As Livingston was being secured, additional officers began to look through the rest of the house for any other occupants. Almost immediately, one officer (Officer 1) felt something strike his leg and heard a “popping noise.” Officer 1 then saw Geraldine Townsend in or near the doorway of a bedroom pointing a handgun at him. Officer 1 began yelling at her to drop the gun. A fellow officer (Officer 2), seeing Officer 1 seeking cover and hearing his commands, got in position to help. Officer 2 was struck in the face, saw the gun held by Townsend and returned fire striking her once in the chest. Officer 2 later had a BB surgically removed from his face. Officers and emergency personnel both rendered aide to Townsend but were unable to prevent her passing.
The eventual search of the home produced what the state believes is marijuana, monitors displaying the approaches from both the front and back of the home, and a police band radio on and monitoring the Bartlesville Police channel. These all led to some of the charges filed against Livingston. At no point in the events outlined above, from the decision to conduct surveillance to conclusion of the processing the scene of the shooting was Livingston’s former father-in-law, a Bartlesville Reserve officer, involved in any way.
The most consequential items found in the house are the replica BB guns, one of which Townsend had been given to “defend” herself.
Two attached pages contain photos of the replica pistols and real handguns. Townsend was using the one depicted with the yellow tag attached (Umarex T P D 45). Below it is an actual 9mm handgun (Sig Sauer P250). The second page contains revolvers. The top one (Bear River Revolver) was found in the house near the suspected marijuana. The bottom is an internet image of an actual Ruger .357 magnum revolver. This author was not personally familiar with the degree to which some of the replica handguns are manufactured to imitate real guns. But this author is familiar with the regularity that law enforcement officers encounter these replicas. It is the intention of this office the use to circumstances of this tragic death to seek a change in the law. Currently, convicted felons, such as Livingston, are prohibited from possessing firearms. That includes BB guns that have been altered. The “altered” language is a reference to orange or other brightly colored tips that were once mandated for other toys, but not BB guns. Convicted felons know the law. They can carry a replica BB gun and not violate the law as long as they have not altered it, say by removing something intended to indicate that it is not a real gun. But today’s replicas don’t need to be altered in any way. So, their desire to carry one begs the question “why.” The quality of the replication absolutely creates the impression that the person carrying one is in fact armed.
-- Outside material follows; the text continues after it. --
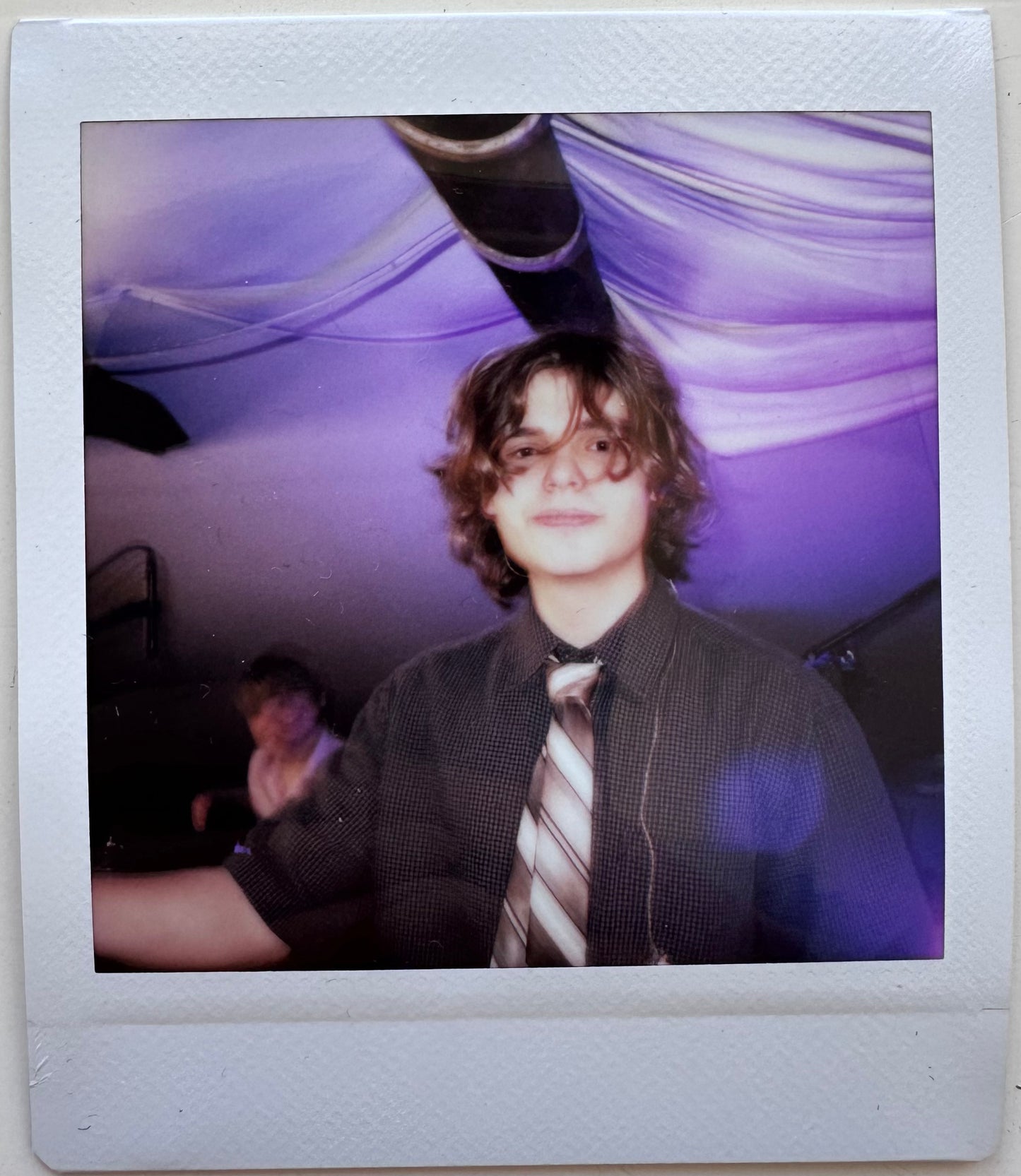 ONE UNIQUE SIGNED POLAROID PHOTO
Providing Townsend with the one depicted and planting the idea in her mind that it should be used to confront an armed police, or other, intruder, directly lead to her death. Charges against Livingston will be amended to include possession of a firearm after former conviction of a felony. This office will initiate the process of asking the Court of Criminal Appeals to revisit its 1971 decision that unaltered BB pistols are not prohibited under the law for convicted felons.